Mahon and Lew first began playing music seriously in 2003 with one another, in which they used to have a band with a third party. However soon they joined with Maring and created Grass Widow, and now the trio now participating in national tours and carry multiple releases under their belt.
Grass Widow, loosely involved with the Bay Area Girls Rock Camp, became involved with the camp when used to share a room with the founding member Carey Fay-Horowitz.
The Bay Area Girls Rock Camp, a program that is meant to empower young girls and women through the participation of music, encourages girls to pick an instrument and start a band. Grass Widow explains it’s about what it means to be a woman on stage collaborating with other women, as well as the relationship between a girl and her instrument, and the different genres of music that are available.
“This was our chance to be empowering to young girls that I know I never had,” says Lew. “When I was a kid, I had to really go against the grain to be like, I can play an instrument even though you wouldn’t think that. It was harder that it needs to be a lot of the time so to think that there’s a girl rock camp, that’s amazing.”
Grass Widow supports the movement behind the Girls Rock Camp, often recalling their own personal experiences with music as young girls was not as easy and motivating as it could have been.
“You know I didn’t have that kind of nurturing with music, I didn’t feel like I can do this as a kid, but I’m also glad that I had the experiences that I had because I wouldn’t have it any other way. I made my own tools for what kind of women I was going to be and I was too stubborn to take bass lessons, so I made my own way to play bass, I think that one of the things about our band is that the values of all three of us are very different and we’re like a microcosm of just three different people.”
The difficulties of being a musician are something that follow girls past young age, and even into professionalism. Lew is happy for the girl who believes feminism is no longer needed, but says that sexism is something that is still prevalent.
“I’ve actually had a sound guy come up to me and actually turn the knobs on my bass. Those are the inputs for my bass, you don’t turn my knobs,” says Lew. “You would never do that to a guy and walk up to him and touch him. It was just so inappropriate and just one of the many things that happen all the time.”

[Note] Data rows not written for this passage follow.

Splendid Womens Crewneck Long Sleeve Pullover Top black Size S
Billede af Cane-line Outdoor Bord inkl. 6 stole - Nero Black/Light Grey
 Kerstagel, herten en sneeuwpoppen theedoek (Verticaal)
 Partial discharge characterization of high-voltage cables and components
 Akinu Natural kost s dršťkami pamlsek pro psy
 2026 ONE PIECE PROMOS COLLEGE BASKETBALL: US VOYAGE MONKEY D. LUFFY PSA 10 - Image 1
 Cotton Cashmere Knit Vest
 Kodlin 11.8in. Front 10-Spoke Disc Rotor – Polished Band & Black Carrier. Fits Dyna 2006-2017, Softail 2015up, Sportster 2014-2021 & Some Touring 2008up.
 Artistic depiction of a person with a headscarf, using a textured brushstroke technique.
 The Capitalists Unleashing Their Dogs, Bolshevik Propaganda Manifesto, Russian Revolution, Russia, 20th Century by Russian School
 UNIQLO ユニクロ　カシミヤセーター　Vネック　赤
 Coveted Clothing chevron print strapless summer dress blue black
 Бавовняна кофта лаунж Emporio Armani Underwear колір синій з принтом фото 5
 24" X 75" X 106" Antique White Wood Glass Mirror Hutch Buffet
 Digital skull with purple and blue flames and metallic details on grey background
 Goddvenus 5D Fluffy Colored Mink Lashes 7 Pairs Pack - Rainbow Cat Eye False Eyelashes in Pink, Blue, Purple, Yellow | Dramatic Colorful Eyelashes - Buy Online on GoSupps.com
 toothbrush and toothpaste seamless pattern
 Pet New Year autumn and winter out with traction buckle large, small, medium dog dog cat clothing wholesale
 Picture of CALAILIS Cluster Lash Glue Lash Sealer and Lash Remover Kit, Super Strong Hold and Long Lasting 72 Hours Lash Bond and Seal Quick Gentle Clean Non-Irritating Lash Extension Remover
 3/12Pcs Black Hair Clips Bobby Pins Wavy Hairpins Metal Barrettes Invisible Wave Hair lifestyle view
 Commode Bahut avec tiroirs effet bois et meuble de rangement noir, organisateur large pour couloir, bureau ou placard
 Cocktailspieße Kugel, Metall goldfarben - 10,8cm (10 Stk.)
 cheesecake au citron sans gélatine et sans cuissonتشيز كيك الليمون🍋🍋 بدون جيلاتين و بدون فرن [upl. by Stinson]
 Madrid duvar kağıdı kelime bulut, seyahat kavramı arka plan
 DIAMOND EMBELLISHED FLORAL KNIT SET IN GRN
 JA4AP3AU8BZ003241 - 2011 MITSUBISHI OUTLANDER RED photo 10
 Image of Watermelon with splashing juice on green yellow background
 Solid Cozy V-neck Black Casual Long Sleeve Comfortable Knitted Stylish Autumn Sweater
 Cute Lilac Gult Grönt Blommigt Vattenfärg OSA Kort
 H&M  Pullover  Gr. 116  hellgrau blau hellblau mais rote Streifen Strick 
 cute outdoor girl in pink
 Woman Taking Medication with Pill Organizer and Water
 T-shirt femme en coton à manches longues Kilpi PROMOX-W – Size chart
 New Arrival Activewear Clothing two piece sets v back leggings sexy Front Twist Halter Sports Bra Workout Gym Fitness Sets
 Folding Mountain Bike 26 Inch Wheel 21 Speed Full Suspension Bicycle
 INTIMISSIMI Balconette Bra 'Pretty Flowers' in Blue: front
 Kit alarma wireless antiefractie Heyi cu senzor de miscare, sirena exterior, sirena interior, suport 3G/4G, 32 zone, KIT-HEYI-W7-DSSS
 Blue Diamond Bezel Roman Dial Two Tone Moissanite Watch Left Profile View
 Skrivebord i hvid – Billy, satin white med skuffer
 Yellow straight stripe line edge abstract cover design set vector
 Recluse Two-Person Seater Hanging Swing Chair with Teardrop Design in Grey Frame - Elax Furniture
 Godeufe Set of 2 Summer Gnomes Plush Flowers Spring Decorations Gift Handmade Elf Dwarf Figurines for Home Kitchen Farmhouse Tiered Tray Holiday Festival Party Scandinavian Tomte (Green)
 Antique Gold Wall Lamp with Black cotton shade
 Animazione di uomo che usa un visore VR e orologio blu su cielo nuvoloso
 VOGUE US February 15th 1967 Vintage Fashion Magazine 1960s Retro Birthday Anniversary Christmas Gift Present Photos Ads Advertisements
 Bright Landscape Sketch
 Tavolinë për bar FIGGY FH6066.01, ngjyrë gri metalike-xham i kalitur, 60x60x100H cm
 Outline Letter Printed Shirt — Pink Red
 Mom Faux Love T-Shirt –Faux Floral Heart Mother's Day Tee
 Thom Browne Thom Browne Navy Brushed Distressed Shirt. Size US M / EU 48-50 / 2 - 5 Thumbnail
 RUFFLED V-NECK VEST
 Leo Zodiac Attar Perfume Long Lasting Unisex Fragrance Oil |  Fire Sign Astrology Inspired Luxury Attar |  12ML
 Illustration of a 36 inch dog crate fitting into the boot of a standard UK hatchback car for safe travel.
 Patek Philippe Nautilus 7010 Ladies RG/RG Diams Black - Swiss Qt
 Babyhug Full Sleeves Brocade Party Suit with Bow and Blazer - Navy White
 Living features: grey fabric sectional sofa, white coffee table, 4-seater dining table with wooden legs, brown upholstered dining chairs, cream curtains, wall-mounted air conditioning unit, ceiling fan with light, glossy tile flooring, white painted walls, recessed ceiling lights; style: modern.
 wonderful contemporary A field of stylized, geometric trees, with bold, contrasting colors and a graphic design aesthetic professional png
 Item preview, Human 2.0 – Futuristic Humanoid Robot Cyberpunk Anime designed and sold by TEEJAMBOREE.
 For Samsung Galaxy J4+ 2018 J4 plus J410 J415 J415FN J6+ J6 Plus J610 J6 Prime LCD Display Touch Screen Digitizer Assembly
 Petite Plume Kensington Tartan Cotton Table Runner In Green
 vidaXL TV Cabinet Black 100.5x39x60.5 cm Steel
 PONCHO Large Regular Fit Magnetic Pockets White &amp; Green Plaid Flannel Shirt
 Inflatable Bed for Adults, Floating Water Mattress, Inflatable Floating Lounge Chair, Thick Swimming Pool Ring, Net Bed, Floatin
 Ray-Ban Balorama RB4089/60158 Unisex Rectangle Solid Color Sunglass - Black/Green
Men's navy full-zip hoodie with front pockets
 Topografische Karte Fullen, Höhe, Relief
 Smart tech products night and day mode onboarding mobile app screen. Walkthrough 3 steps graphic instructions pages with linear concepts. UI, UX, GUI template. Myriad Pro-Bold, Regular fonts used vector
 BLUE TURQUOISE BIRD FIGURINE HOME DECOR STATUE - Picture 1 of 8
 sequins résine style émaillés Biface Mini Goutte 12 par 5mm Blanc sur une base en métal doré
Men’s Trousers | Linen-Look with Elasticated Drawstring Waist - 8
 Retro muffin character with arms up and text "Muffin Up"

Although much of this may seem overwhelming, Grass Widow filters these experiences out and stays positive for sanity’s sake.
“It just happens all the time, but I think to survive and not be totally angry all the time you gotta just filter it out,” says Maring
As far as role models for girls, Grass Widow is hoping that a new generation of role models can be paved that doesn’t include such an emphasis on femininity.
“That’s the thing about when we toured with the Raincoats, they didn’t make us want to be like them, they made us want to be more like ourselves,” says Lew. “So in that way they were really inspiration and that’s what I hope we could be for other women.”
Grass Widow continues with this idea of new feminism, in which women can draw inspiration from others that encourages themselves to be, well, themselves.
“There’s a lot of female icons in pop culture and, at any given point, girls are usually trying to fit their body and their face into like the clothes and the look of what is the ‘It girl’ is at the moment, and that’s been a thing for awhile,” says Lew. “I hope that we’re changing that and that femininity isn’t the defining characteristic of anything a woman does.”